## What you are asked to do
After locating the line with "Buy Asics Matcontrol" in the data that follows, return it and every later line exactly, up to and including the line with "Andries de Graeffin".

## Data shown
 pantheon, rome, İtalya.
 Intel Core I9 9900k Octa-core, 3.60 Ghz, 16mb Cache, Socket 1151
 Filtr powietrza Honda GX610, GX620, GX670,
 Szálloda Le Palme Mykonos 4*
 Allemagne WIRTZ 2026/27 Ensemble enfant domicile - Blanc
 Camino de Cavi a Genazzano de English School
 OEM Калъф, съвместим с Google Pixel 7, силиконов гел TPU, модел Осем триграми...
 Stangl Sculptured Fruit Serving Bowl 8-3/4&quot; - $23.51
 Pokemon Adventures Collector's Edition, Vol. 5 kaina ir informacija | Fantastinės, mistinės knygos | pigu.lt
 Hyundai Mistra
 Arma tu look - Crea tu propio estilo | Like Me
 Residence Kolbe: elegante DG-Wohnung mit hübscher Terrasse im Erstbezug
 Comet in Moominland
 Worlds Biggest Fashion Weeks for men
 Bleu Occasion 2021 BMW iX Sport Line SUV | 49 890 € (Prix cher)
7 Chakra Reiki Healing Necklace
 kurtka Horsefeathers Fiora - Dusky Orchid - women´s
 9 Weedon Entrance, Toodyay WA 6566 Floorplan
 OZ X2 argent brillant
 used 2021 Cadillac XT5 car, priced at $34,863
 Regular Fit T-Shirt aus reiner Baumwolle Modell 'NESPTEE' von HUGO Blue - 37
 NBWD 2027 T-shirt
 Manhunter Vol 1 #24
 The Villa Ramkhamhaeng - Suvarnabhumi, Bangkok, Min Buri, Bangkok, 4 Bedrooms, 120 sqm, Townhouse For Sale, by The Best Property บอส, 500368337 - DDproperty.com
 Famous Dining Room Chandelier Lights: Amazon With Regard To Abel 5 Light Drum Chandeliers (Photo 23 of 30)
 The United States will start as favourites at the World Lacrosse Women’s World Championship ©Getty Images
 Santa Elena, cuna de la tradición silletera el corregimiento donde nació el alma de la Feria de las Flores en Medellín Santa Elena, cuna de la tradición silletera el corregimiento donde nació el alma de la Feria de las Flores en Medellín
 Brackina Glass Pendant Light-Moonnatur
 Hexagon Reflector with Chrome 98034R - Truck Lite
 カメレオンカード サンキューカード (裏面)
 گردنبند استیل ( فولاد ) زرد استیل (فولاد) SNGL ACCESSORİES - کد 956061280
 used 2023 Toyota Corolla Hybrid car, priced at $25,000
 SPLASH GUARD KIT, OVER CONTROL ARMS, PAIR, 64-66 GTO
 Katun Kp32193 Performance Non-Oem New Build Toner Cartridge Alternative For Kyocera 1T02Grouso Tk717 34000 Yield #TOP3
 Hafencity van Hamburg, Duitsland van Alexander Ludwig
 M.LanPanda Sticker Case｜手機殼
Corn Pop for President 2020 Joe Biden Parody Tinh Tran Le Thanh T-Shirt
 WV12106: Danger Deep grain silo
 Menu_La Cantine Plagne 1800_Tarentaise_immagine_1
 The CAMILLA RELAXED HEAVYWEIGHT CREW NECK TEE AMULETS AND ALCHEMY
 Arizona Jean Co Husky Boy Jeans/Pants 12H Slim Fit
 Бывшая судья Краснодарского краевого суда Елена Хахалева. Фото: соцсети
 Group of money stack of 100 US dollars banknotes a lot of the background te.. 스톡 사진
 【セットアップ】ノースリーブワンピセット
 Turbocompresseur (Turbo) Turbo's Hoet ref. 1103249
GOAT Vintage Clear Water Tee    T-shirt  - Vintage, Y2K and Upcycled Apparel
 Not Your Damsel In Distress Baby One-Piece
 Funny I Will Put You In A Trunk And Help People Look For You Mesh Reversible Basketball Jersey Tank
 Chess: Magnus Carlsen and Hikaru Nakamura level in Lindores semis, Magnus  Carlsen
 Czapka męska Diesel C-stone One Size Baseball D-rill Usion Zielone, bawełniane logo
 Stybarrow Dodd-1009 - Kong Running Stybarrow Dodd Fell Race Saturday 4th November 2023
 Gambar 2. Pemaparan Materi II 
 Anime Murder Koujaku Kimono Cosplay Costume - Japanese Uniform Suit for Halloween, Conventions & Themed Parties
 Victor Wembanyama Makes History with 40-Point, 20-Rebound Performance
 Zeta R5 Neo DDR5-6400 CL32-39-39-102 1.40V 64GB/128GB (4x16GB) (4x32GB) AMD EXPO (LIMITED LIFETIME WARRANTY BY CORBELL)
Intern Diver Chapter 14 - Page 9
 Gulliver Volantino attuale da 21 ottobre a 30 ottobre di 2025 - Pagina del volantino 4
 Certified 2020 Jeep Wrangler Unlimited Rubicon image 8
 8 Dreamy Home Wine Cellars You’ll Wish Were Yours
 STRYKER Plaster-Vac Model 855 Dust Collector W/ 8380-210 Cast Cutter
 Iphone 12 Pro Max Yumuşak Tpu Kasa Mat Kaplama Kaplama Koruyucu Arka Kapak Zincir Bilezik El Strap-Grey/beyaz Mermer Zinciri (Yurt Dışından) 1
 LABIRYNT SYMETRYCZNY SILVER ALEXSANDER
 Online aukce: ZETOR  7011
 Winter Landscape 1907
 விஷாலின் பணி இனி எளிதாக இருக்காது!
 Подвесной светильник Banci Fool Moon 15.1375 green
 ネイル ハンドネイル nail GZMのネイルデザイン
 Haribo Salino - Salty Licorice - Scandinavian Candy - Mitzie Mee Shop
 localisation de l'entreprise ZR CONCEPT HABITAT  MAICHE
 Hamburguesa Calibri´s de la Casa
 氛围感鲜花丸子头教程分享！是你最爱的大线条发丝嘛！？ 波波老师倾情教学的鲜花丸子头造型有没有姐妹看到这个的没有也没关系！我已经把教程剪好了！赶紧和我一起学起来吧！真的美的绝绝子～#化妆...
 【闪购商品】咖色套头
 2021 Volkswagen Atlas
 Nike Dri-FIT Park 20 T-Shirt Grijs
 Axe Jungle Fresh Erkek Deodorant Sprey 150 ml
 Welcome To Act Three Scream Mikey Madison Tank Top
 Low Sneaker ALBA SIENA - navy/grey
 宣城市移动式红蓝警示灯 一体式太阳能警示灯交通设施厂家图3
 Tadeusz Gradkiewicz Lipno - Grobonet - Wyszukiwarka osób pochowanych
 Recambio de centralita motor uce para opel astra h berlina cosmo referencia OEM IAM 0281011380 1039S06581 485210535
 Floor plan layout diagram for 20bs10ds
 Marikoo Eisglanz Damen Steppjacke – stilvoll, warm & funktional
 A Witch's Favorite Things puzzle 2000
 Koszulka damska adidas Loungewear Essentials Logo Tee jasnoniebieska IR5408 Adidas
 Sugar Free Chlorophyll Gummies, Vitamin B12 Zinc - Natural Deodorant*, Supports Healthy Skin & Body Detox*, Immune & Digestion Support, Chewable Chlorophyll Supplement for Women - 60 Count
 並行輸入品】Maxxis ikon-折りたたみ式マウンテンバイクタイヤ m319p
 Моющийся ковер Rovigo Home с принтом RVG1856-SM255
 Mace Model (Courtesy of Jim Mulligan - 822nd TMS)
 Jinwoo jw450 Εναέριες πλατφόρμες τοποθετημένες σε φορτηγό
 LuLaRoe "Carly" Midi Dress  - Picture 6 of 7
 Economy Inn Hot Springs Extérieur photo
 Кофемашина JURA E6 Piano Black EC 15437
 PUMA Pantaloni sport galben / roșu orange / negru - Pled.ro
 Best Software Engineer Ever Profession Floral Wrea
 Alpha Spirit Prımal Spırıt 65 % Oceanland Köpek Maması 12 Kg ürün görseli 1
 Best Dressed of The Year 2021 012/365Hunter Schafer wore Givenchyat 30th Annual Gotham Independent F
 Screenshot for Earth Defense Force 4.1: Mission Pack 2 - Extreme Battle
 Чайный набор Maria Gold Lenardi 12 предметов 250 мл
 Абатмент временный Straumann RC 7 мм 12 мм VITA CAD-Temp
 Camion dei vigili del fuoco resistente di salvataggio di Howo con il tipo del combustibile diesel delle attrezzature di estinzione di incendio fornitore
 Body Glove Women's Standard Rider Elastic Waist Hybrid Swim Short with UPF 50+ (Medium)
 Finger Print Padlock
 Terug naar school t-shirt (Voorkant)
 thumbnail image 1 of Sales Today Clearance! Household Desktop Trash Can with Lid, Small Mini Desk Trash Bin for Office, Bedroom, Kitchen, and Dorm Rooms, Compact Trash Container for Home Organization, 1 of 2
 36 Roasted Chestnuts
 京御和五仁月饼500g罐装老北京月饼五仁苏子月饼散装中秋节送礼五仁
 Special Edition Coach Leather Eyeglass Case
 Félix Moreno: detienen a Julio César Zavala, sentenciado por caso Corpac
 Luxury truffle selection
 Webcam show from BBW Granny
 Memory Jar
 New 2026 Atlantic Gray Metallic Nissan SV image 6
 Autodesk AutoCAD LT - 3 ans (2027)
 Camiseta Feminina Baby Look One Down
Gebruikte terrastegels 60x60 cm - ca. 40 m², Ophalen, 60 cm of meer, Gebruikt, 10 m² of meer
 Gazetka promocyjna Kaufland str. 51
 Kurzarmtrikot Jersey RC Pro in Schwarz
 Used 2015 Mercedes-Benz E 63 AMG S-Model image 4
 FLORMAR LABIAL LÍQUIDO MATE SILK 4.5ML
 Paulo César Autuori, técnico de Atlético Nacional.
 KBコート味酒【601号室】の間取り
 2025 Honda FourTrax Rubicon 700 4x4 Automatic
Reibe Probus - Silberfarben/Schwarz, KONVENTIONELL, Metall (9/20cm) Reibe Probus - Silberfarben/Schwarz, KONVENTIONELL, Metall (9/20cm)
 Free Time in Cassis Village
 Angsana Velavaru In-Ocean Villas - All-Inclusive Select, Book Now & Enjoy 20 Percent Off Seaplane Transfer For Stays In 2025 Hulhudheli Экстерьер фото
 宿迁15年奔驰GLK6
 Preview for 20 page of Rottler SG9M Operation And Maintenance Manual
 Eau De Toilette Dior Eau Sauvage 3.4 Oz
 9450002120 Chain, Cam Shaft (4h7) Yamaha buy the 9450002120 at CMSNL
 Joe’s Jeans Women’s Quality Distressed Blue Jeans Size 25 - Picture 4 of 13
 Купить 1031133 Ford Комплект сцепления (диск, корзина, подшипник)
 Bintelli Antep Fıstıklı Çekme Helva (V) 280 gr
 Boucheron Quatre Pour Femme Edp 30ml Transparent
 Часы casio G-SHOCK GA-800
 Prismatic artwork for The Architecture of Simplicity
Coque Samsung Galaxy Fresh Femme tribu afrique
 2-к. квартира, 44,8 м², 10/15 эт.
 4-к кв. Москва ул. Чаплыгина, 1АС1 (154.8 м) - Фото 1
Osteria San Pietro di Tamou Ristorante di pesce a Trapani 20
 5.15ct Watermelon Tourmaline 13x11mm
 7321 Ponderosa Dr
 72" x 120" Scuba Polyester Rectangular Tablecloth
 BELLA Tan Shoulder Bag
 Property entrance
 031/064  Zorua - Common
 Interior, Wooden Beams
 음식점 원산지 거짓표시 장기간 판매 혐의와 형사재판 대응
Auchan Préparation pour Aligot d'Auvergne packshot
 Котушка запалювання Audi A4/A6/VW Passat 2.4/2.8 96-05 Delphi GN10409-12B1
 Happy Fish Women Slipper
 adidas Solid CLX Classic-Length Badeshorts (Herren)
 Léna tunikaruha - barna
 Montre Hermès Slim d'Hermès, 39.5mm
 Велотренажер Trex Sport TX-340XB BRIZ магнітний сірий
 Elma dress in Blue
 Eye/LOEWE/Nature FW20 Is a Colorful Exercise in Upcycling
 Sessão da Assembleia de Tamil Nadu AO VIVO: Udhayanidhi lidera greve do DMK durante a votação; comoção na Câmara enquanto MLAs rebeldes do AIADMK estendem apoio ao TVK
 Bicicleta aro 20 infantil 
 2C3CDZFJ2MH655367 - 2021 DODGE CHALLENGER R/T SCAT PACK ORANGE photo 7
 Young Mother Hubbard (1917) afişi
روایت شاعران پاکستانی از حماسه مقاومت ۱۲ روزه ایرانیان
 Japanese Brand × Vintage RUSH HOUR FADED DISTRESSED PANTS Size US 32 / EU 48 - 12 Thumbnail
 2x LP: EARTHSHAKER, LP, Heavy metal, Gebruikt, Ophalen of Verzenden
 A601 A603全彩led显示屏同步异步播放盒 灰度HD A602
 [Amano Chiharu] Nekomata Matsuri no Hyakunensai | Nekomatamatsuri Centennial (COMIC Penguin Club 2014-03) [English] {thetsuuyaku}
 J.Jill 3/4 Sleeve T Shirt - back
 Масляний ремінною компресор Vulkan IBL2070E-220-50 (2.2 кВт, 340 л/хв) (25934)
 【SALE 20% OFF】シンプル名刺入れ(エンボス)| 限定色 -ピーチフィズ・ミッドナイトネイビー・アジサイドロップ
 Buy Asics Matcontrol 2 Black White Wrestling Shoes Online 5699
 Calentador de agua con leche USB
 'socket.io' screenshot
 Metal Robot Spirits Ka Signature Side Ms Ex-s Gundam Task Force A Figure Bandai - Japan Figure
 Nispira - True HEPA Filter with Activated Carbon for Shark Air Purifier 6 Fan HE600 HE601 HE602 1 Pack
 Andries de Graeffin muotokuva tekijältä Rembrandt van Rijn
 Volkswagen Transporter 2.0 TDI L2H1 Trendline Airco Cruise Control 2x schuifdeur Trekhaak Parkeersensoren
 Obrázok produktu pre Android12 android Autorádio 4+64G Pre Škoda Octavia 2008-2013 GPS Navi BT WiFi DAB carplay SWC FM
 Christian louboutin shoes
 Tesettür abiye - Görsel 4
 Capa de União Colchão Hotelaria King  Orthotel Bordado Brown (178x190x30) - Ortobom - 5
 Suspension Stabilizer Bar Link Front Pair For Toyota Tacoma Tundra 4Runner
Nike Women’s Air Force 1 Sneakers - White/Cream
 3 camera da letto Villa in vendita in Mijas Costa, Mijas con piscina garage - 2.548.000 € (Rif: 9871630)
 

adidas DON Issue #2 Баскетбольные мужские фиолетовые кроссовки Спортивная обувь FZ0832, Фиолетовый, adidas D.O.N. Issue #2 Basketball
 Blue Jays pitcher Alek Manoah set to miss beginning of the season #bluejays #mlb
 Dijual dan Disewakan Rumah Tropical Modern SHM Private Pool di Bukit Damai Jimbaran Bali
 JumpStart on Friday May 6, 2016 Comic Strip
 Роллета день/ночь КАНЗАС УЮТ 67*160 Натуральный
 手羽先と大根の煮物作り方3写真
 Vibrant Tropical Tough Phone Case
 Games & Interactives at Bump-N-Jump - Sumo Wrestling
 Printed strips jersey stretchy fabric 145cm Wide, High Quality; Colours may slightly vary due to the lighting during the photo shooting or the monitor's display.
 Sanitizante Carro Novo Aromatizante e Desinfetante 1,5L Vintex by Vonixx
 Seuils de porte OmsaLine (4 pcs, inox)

## Answer
 Buy Asics Matcontrol 2 Black White Wrestling Shoes Online 5699
 Calentador de agua con leche USB
 'socket.io' screenshot
 Metal Robot Spirits Ka Signature Side Ms Ex-s Gundam Task Force A Figure Bandai - Japan Figure
 Nispira - True HEPA Filter with Activated Carbon for Shark Air Purifier 6 Fan HE600 HE601 HE602 1 Pack
 Andries de Graeffin muotokuva tekijältä Rembrandt van Rijn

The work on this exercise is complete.